Growth mindset, positive attitude & and a willingness to learn.
Good writing and communications skills.
Able and willing to lean into technical tasks as set by the Architects.

Here’s a Taste of What’s on Offer at dataengine:

Opportunity to solve real-world business problems.
Collaborative and supportive work environment.
Competitive salary.
Be at the forefront of data science innovation in a dynamic startup environment.
Work on a variety of challenging and impactful projects across different industries.
Opportunity to learn and grow your skillset with the latest technologies.
Continuous learning and development opportunities.
Weekly fresh fruit, snacks, monthly industry led lunches and active staff activities.
Be part of a company that is shaping the future of data-driven solutions.

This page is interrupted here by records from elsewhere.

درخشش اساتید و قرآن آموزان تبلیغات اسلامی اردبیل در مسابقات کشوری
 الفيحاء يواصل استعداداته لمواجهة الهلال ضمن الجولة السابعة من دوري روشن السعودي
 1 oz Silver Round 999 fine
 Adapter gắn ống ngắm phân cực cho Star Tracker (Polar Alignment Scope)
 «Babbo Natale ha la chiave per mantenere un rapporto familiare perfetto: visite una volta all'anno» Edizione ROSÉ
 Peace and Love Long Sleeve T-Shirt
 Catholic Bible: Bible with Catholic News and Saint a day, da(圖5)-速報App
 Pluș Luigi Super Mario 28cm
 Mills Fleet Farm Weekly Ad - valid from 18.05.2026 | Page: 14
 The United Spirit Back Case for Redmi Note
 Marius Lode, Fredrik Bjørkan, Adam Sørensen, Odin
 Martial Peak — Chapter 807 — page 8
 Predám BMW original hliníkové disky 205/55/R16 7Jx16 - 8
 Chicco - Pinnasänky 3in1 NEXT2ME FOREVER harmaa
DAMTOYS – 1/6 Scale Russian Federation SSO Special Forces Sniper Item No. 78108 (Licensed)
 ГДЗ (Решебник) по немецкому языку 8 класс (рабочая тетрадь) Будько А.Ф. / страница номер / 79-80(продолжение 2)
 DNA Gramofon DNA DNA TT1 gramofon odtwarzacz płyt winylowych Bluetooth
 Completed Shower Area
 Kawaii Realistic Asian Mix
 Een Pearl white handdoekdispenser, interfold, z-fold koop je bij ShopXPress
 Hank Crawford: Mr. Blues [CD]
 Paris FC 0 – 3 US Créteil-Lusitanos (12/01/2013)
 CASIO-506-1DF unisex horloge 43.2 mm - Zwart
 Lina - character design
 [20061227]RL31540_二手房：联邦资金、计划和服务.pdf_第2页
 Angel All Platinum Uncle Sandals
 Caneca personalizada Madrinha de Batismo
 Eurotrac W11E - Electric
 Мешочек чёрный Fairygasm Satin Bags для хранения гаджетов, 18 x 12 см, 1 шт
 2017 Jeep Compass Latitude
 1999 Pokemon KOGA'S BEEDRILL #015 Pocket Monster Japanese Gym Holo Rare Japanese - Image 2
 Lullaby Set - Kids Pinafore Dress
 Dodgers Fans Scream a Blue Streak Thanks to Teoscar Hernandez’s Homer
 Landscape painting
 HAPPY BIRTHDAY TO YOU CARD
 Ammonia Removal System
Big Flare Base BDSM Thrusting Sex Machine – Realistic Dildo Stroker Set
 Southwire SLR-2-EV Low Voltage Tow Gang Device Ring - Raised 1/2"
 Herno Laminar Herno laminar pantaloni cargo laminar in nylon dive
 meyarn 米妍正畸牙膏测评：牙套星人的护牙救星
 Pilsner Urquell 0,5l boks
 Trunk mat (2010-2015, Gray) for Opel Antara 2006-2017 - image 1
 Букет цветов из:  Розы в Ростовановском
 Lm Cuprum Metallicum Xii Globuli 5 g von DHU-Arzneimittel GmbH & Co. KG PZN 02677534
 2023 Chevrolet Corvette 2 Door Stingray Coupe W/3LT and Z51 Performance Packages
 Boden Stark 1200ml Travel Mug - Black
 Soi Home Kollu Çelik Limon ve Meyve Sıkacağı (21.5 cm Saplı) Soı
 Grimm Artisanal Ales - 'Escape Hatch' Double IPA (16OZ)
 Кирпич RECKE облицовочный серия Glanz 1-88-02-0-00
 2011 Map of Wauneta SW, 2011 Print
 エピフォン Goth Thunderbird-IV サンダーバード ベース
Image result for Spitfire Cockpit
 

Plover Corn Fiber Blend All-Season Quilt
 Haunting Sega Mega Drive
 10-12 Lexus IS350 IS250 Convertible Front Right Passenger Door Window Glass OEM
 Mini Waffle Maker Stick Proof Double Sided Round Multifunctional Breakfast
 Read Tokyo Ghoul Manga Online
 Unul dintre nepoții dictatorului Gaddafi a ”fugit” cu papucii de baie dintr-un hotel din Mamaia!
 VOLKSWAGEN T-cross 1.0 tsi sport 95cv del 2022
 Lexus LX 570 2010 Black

If you are a passionate and talented data geek who is excited about making a real impact, we encourage you to apply!

About dataengine:

dataengine, a New Zealand-based leader in data solutions, empowers businesses to unlock the hidden value within their data and achieve true transformation. We connect people, processes, and technology for optimised efficiency and sustainable impact. Founded in 2018, we’ve grown rapidly thanks to our exceptional team and commitment to delivering practical, impactful results. We believe in building the foundation right, starting with strategic planning and robust architecture.

What sets us apart?

Experienced & Pragmatic: Our team boasts extensive expertise, focusing on tangible outcomes, not just presentations.
Small Wins, Big Impact: We deliver incremental value drops, ensuring our customers see results quickly and continuously.
Holistic Enablement: We develop with our customers, in their environment, empowering our team to own and optimise solutions.

Leading the way in Generative AI: We’ve developed a unique standalone AI engine, providing secure and accessible tools for our customers’ AI journey. From use case brainstorming to model deployment and tuning, we offer comprehensive support throughout the entire lifecycle.

Beyond AI: Our services range from advisory and resourcing to full-scale platform design and build, catering to any data-driven business need.